En Washington, y en el patio de la jefatura del FBI de Pensilvania Avenue, se celebró una sencilla y digna ceremonia en memoria de Jack Rand, con asistencia de su esposa y de sus tres hijos. Ministros, miembros del Congreso, el presidente del Tribunal Supremo y el fiscal general, se apretujaban en la tribuna levantada para el acto. El presidente había delegado en su esposa. El jefe de policía Bannion y el inspector Angelo Rocchia representaban a los policías de Nueva York. Cientos de Feds, con sus familias, llenaban la galería que rodeaba el patio. La ceremonia fue iniciada por una guardia de honor de Marines, que izó la bandera, y por una banda, que tocó un himno religioso.
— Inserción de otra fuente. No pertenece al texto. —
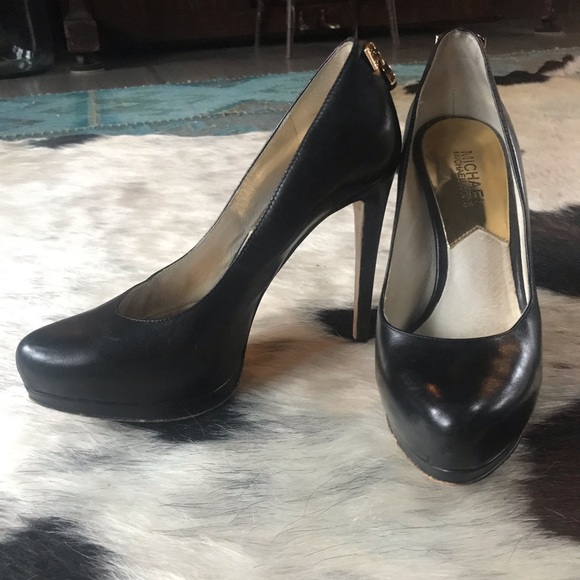 Used Michael Kors platform pumps. Size 7M - Picture 1 of 5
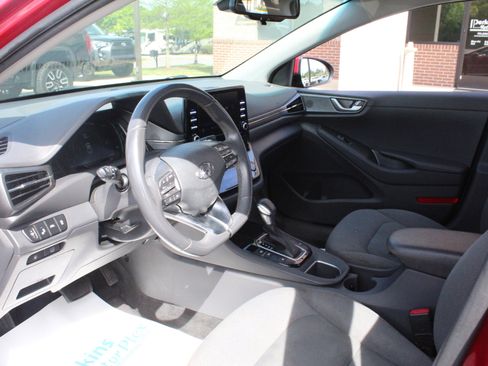 Used 2022 Hyundai Ioniq SE FWD image 12
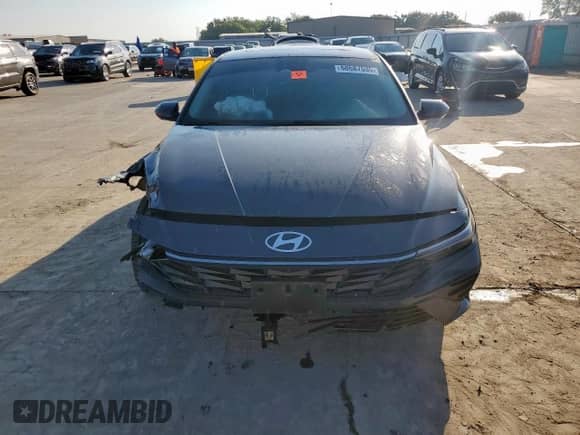 2024 Hyundai Elantra SEL z VIN KMHLS4DG9RU724437, wystawiony jako Copart lot #68687535 z przebiegiem 43 169 mil mil oraz Szkoda całkowita • Salvage title. Historia ofert i sprzedaży dostępna na DreamBid. Obrazek 5.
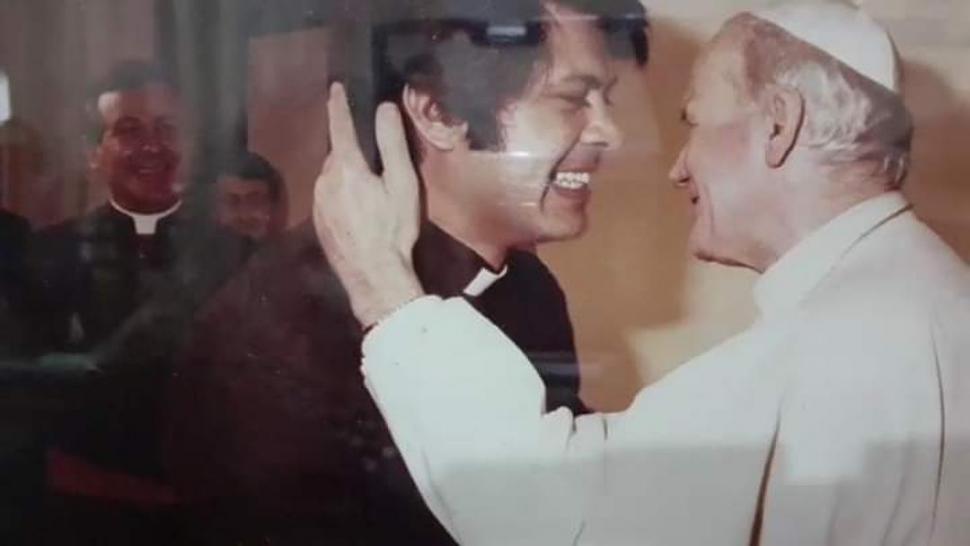 HISTÓRICO. Un emocionado padre Juárez es saludado por Juan Pablo II.
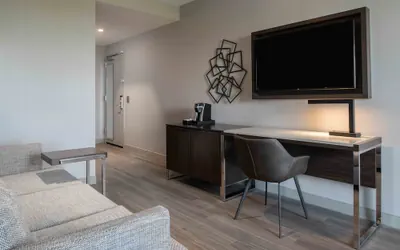 Photo 5 - Holiday Inn Express Boston South - Quincy by IHG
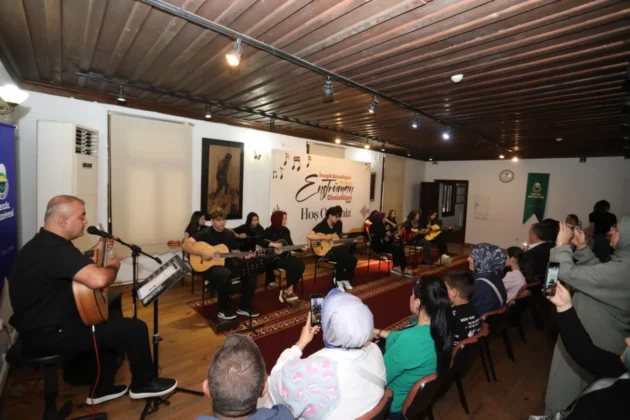 İnegöl Belediyesi gitar kursu kursiyerleri sertifikalarını aldı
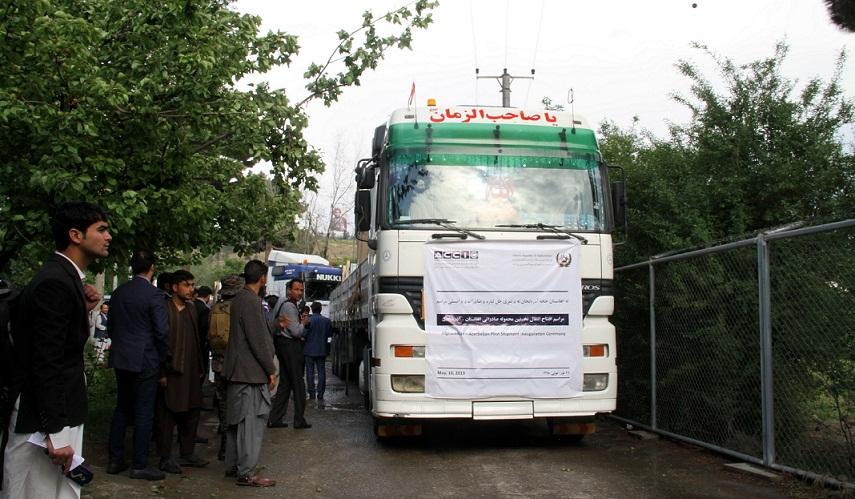 اولین محموله صادراتی به آذربایجان از طریق راه لاجورد و بندر آقینه ارسال گرديد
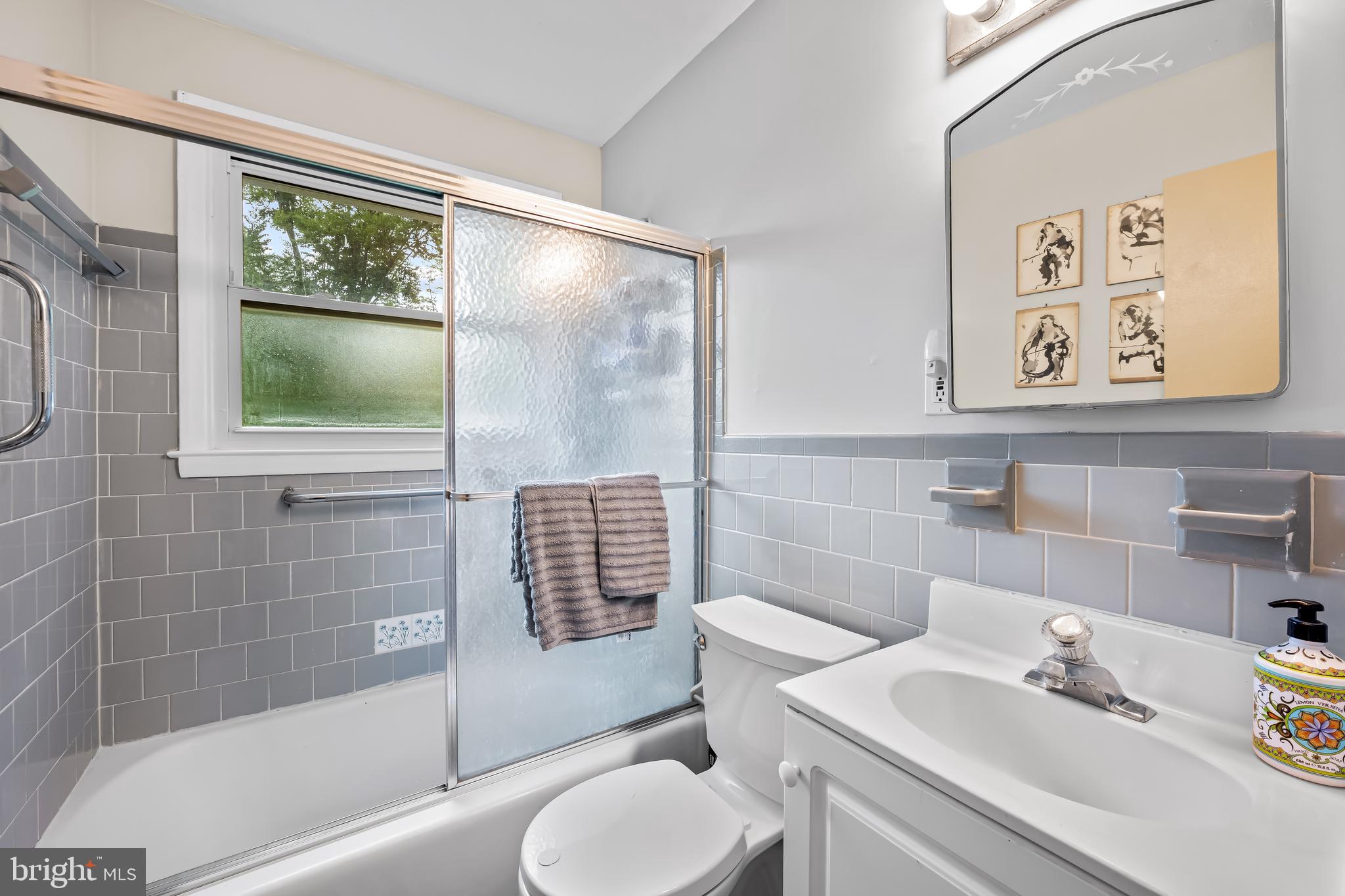 RIDGEVIEW - Residential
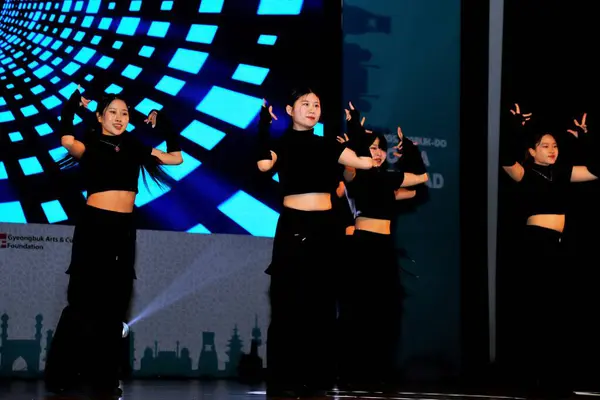 stock image NEW DELHI INDIA MAY 23 2023 Indian K Pop group Girl Crush danced to a medley of popular K Pop numbers during the Indo Korean culture and camaraderie at Kamani Auditorium Mandi House on May 23 2023 in New Delhi India Dressed in colorful attires Korean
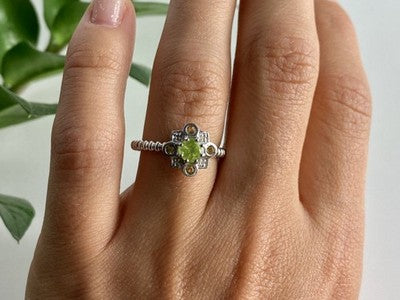 925 Sterling Silver Peridot, Citrine & White Sapphire Ring Size 7
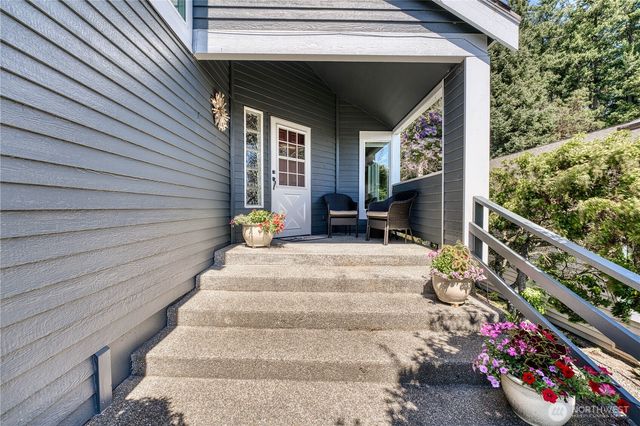 6870 Starboard Lane, Gig Harbor, WA 98335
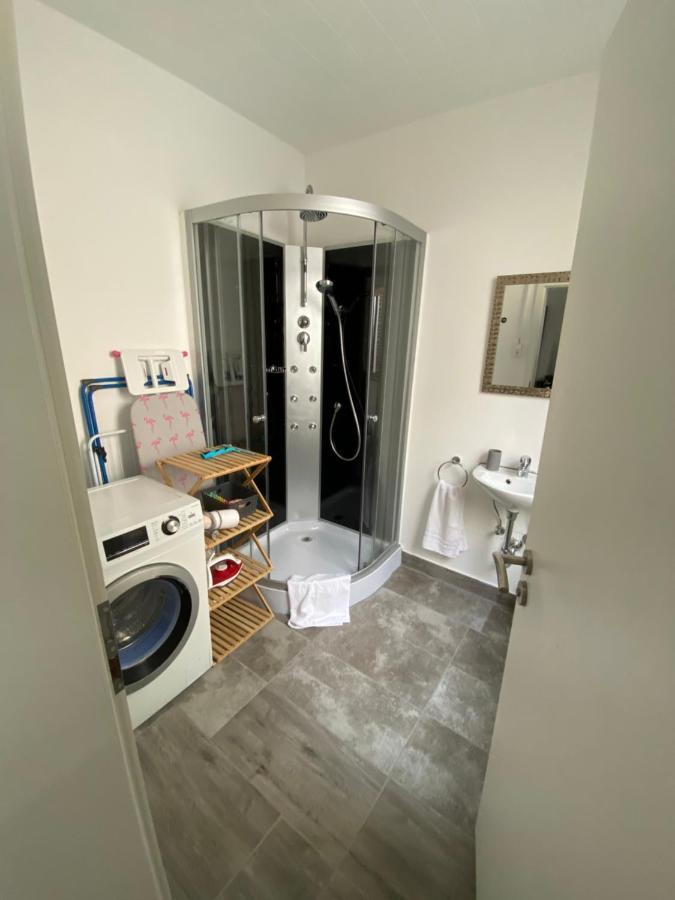 Urbansuites - Modern & Zentral In Der City - Dein Zuhause In Щутгарт Екстериор снимка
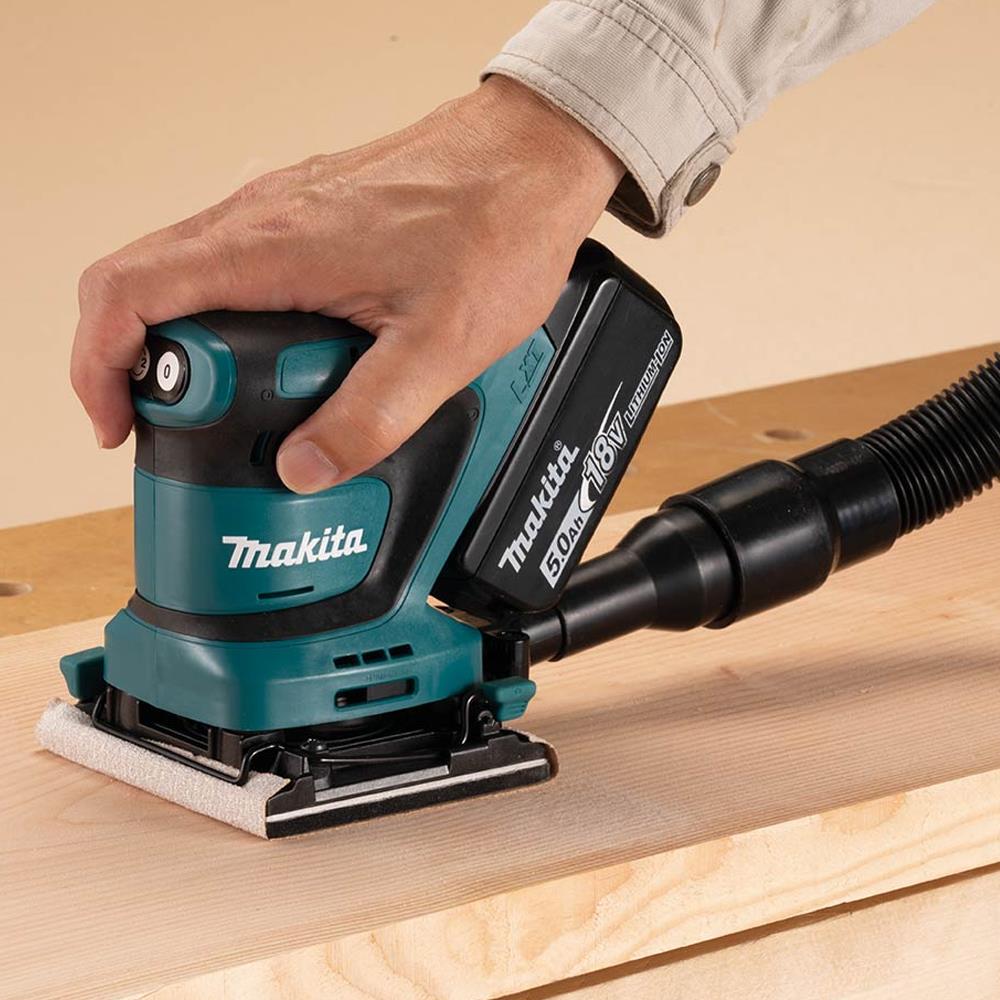 Makita DBO480Z 18V Finishing Sander with 1 x 5.0Ah Battery Charger & Bag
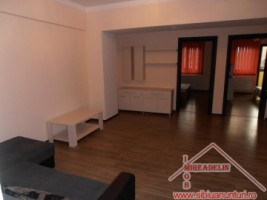 inchiriez-apartament-3-camere-b-dul-mihai-viteazu-3
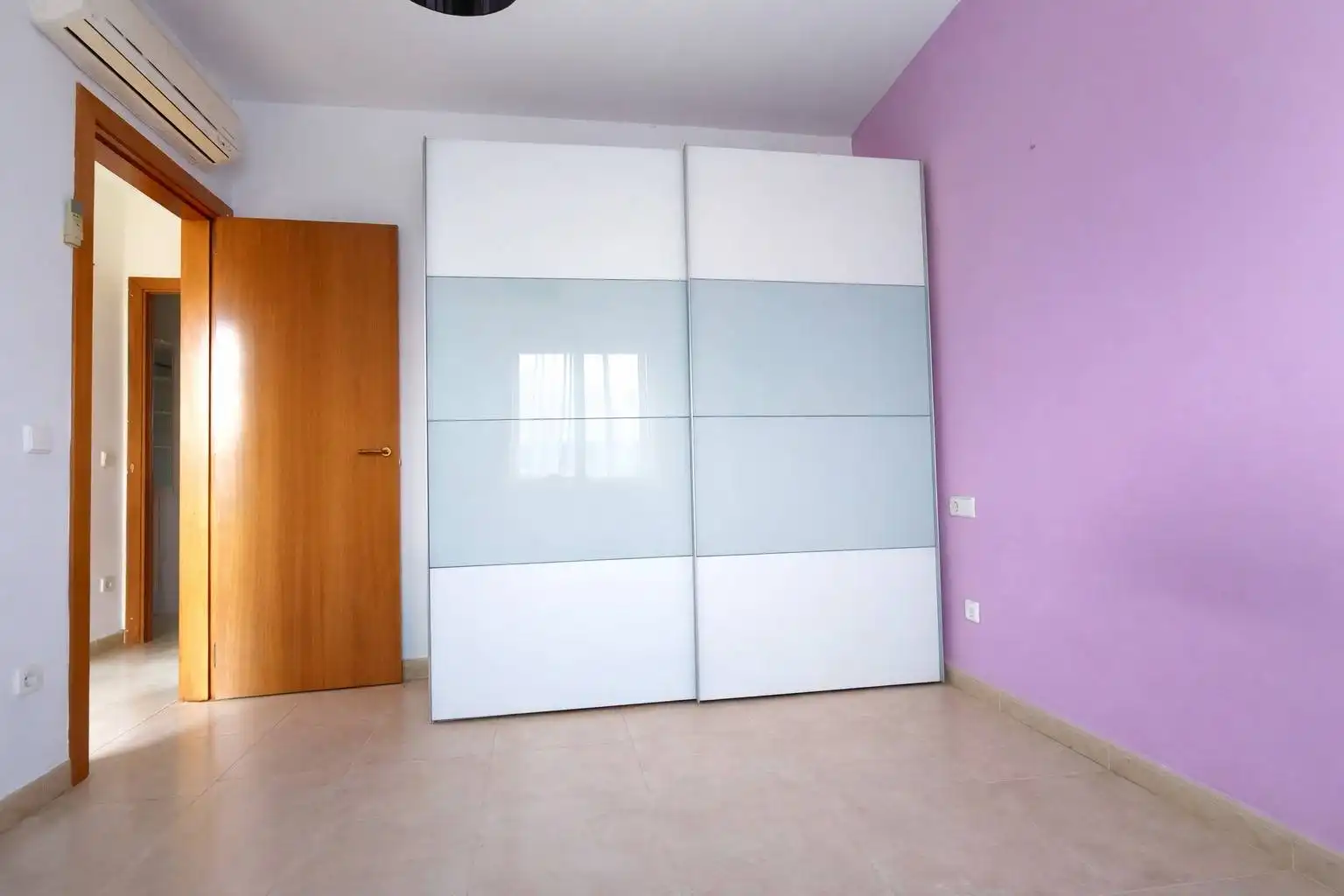 Habitación de Casa o chalet en venta en L'Escala con Aire acondicionado, Calefacción y Jardín privado
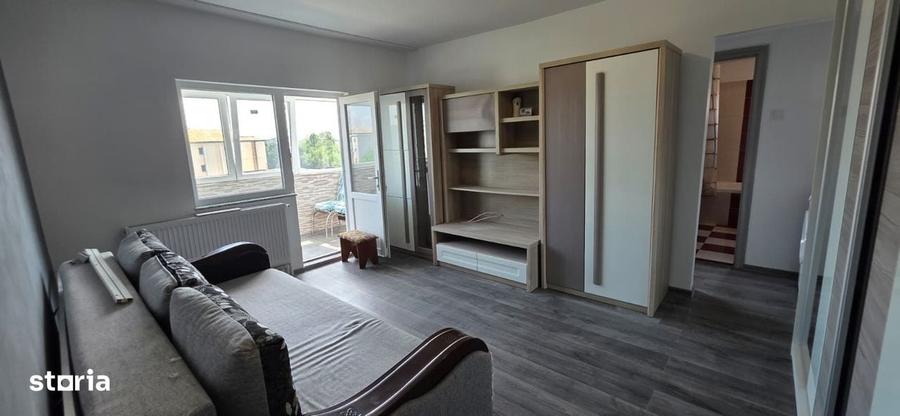 Apartament cu 2 camere semidecomandat în Mioriței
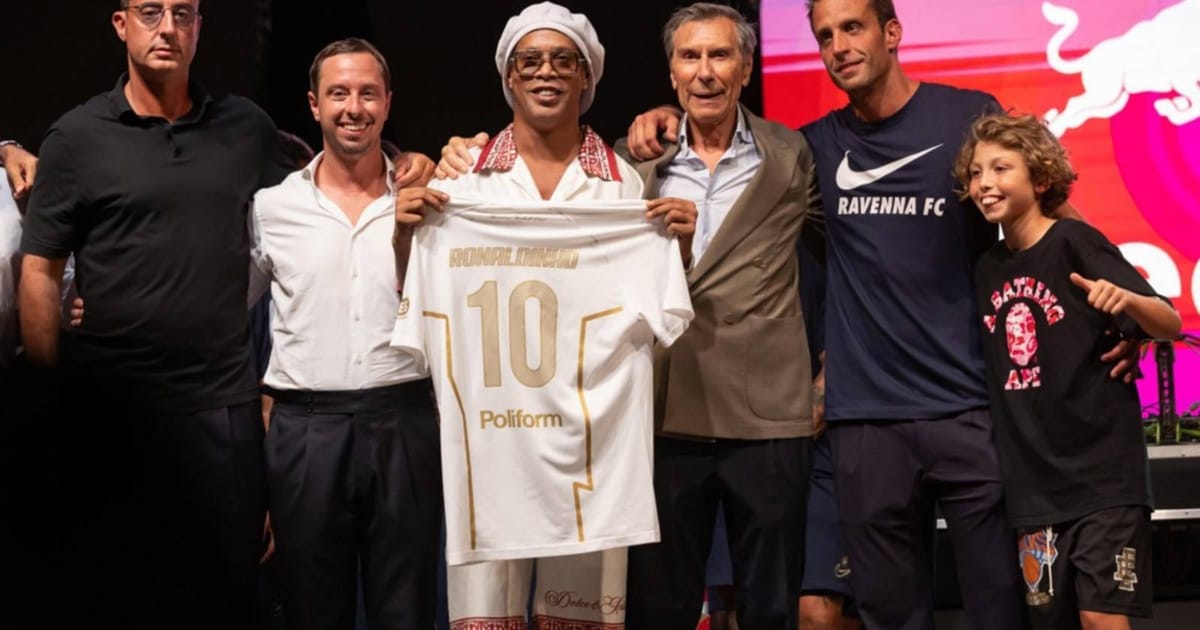 Ronaldinho Kembali Bermain, Targetkan Gol Cantik ke-300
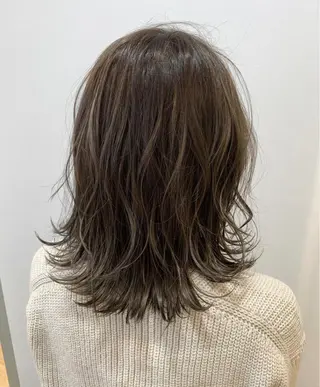 セミロング カラー box mico. mutsumiのヘアスタイル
A continuación, un capellán castrense de Marina encomió el ejemplo del agente federal Jack Rand y conminó a los presentes a que «luchasen con más fuerza por el imperio de la justicia y del derecho en nuestro país y en el mundo». Después de ello, Joseph Holborn, director del FBI, entregó a la viuda del extinto el distintivo más preciado de los Feds la placa de agente federal de su marido.

La palabra final de aquellas terribles jornadas de diciembre debería pronunciarla el policía neoyorquino Angelo Rocchia, en el curso de la pequeña recepción ofrecida por Abe Stern en el Ayuntamiento para celebrar su boda con Grace Knowland y la entrega de la más alta condecoración de la policía: the Legion of Honor.

Cuando el alcalde le comunicó confidencialmente la noticia de la conferencia de Camp David, Angelo, que tenía una copa de champaña en la mano, exclamó:

—¡Santo Dios! ¡Y pensar que se ha tenido que arriesgar la vida de diez millones de personas para llegar a esto!